El profesor de la novela de Patricio Jara vive algo parecido, en circunstancias obviamente diversas. Su gesto es no sólo una forma de desahogarse de su propia humillación acumulada, una vía para arrancarse la joroba sin sentido que se le ha ido adosando en su vida docente, sino un arrebato liberador de carácter más vasto y definitivo, la elección soberana que le permitirá al fin dar el salto a la nada, al abismo de vivir al azar y sin ningún respaldo institucional, sin los embustes habituales de un contrato tan precario y tan perecedero como su labor, dejando atrás la universidad de pacotilla en que hace clases.

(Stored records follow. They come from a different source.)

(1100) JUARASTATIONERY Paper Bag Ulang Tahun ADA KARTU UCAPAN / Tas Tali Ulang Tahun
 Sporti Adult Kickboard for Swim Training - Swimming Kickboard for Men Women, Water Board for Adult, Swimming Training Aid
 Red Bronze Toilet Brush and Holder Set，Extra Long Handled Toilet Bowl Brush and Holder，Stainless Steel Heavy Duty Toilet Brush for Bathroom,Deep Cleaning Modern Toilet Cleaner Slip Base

Que la profesión de maestro y enseñante tiene un alto componente de nobleza es indudable; no está de más que los profesores de todo el mundo tengan su día. Muy probablemente, todos accedimos a nuestra vocación secreta y más querida –en mi caso, la vocación de contar historias– gracias a un individuo memorable que nos la reveló, un hombre o mujer que supo indicarnos una senda posible para esa vocación latente o se limitaron a indicárnosla cuando nosotros mismos no la veíamos. Es lo que deja extrañamente en pie, a pesar del gesto tan irreversible de su protagonista, esta novela tan precisa y tan reveladora de Patricio Jara. Como bien lo resume, en mitad del relato, un párrafo en boca de su protagonista: “Imagino que debe ocurrir en toda clase de carreras y de seguro más de una vez. Hablo de esos instantes cuando, gracias a un profesor, a un libro o a un taller, de pronto sientes que no te has equivocado, que estás en el lugar correcto y el paisaje se alumbra: se disipa la niebla, desaparecen los temores sobre el futuro y ves un camino posible de ser transitado, un sendero luminoso que antes no estaba, que no existía. No puedo imaginar que alguien haya terminado sus estudios sin haber vivido al menos uno de esos episodios”.